The End (Red) > Chapter Six: Drowning
“Regret for the things we did can be tempered by time; it is regret for the things we did not do that is inconsolable.” –Sydney Smith
The silence and the dark overwhelmed Sam’s delicate senses. She couldn’t tell the difference between having her eyes open or shut. Around her, the scent of rain, rust and ink began to smell more like blood than either of those three. If it was paranoia, speaking from her previous encounters with her neighbors and the vile creatures outside, she had no way of proving it, and the unknowing was far worse than any truth. The one classic fear she managed to avoid throughout her life was claustrophobia, and now it was doing its best to add itself to her list. The lack of visuals suggested that she had moved, somehow, out of the street. Even that assumption was dangerous. Perhaps the world had just gone dark for the final time instead. If the bloody remains of the creature she had slain lay just inches from her own body, she would never know.

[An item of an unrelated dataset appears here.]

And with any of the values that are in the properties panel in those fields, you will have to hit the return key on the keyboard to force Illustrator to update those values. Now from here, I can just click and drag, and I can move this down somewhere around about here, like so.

She had killed it. There could be no denial, and no excuse would make the act any less of a sin. She wanted to cry, and apologize, and beg for forgiveness now that the deed was done, but her heart and mind refused to give in. Whatever twisted menace came upon her, it was not just another innocent life. It was an abomination, a filthy abstraction of the truth that governed nature, and it deserved to die. That was the only possible answer left. If another beast attacked her, it would die too. The rules, in her mind, had changed forever, and they were far simpler than any of her previous rules. For once, she thought perhaps less thinking might be beneficial to her continued survival.

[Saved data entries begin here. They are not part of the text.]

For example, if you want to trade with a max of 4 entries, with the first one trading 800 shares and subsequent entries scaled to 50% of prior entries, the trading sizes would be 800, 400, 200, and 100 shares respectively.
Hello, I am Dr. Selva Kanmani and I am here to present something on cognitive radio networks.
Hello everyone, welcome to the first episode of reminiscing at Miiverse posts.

With false bravado, she lifted her hand to begin exploring her surroundings, and failed. Her wrists were bound, and the rest of her as well. She lay prone, unable to move more than an inch or two in any direction. Her mouth, too, was bound, and the unforgettable taste of rancid leather became apparent as soon as she realized it. More straps, more confinement, more delay in the progression toward her freedom. What deranged mind demanded that she remain in this place? One step forward, two steps back, and the world around her was turning black. The words, to her mind, sounded funny, but she couldn’t laugh. Was she back in her room, again, then? Or had she visited some new hell, instead?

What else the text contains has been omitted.